**Directions for this task:** Copy exactly the lines of the records below, and only those lines, beginning with the line that contains "Bright bedroom features" and ending with the line that contains "Mujer relajándose en".

**Records provided:**
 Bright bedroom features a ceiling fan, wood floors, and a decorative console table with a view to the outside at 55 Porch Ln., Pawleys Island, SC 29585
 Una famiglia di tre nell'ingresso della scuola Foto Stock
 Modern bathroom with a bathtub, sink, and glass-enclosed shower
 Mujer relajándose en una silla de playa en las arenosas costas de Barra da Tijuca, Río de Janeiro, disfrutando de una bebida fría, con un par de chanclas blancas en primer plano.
==
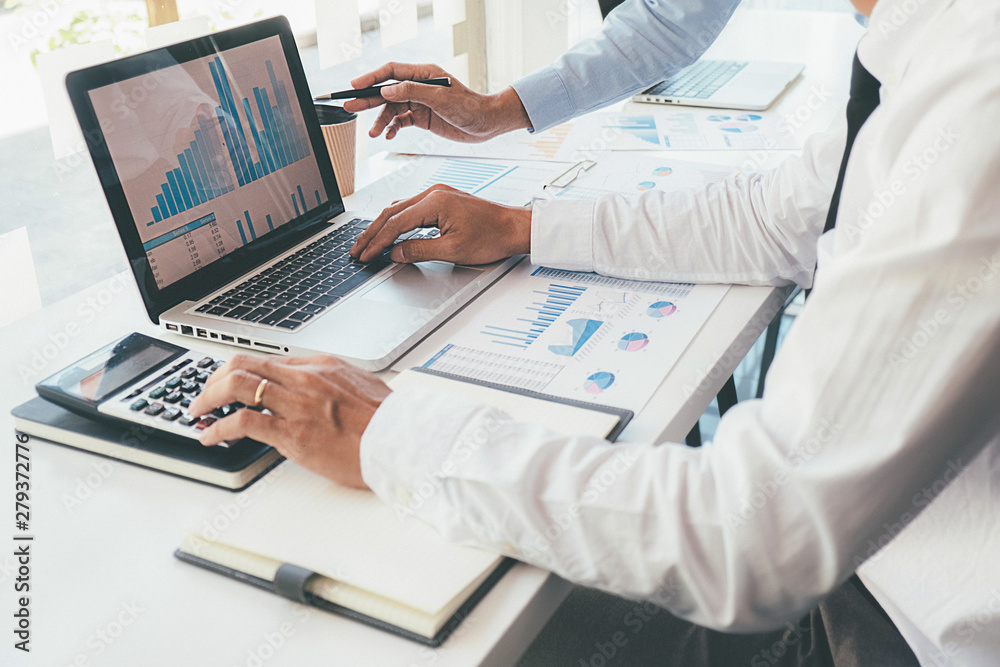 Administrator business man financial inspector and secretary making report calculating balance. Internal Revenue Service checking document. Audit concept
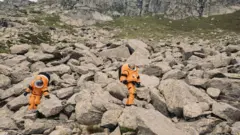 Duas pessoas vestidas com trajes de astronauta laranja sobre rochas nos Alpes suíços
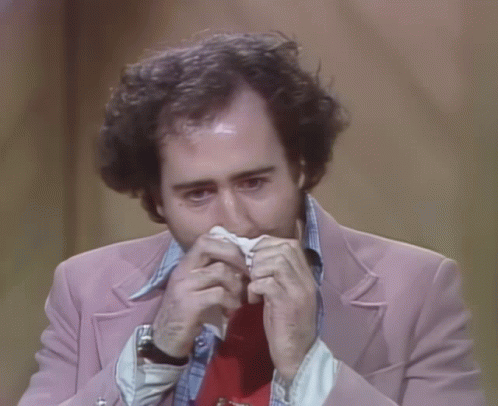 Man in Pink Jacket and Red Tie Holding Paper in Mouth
...
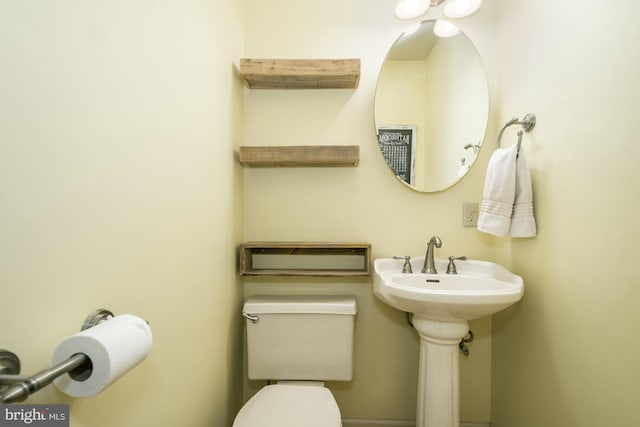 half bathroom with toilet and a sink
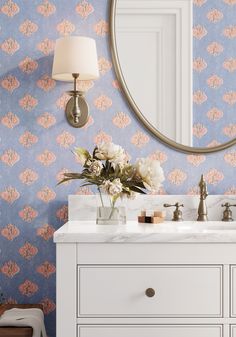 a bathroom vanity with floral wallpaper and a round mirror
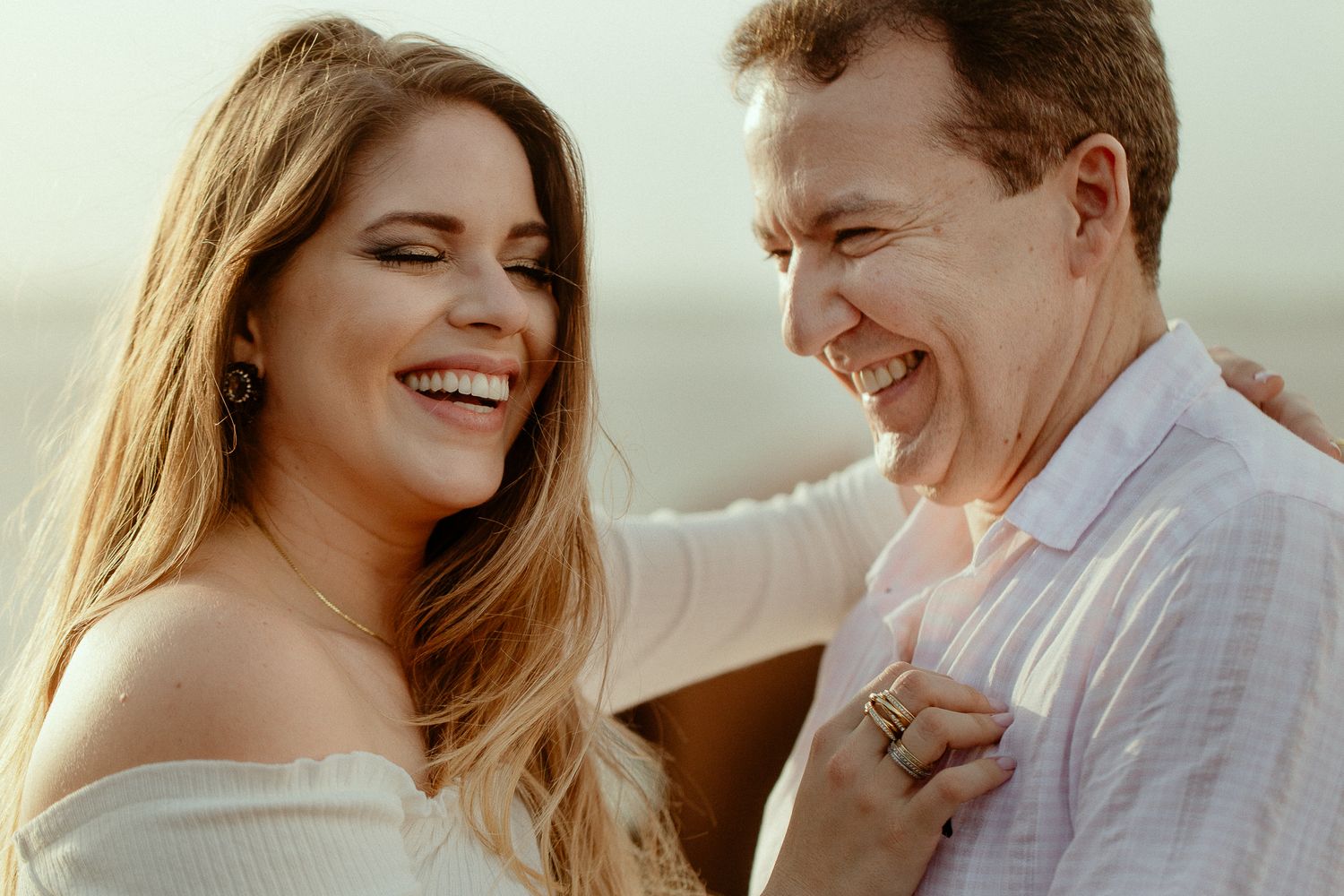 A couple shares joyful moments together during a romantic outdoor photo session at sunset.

**Response to this task:**
 Bright bedroom features a ceiling fan, wood floors, and a decorative console table with a view to the outside at 55 Porch Ln., Pawleys Island, SC 29585
 Una famiglia di tre nell'ingresso della scuola Foto Stock
 Modern bathroom with a bathtub, sink, and glass-enclosed shower
 Mujer relajándose en una silla de playa en las arenosas costas de Barra da Tijuca, Río de Janeiro, disfrutando de una bebida fría, con un par de chanclas blancas en primer plano.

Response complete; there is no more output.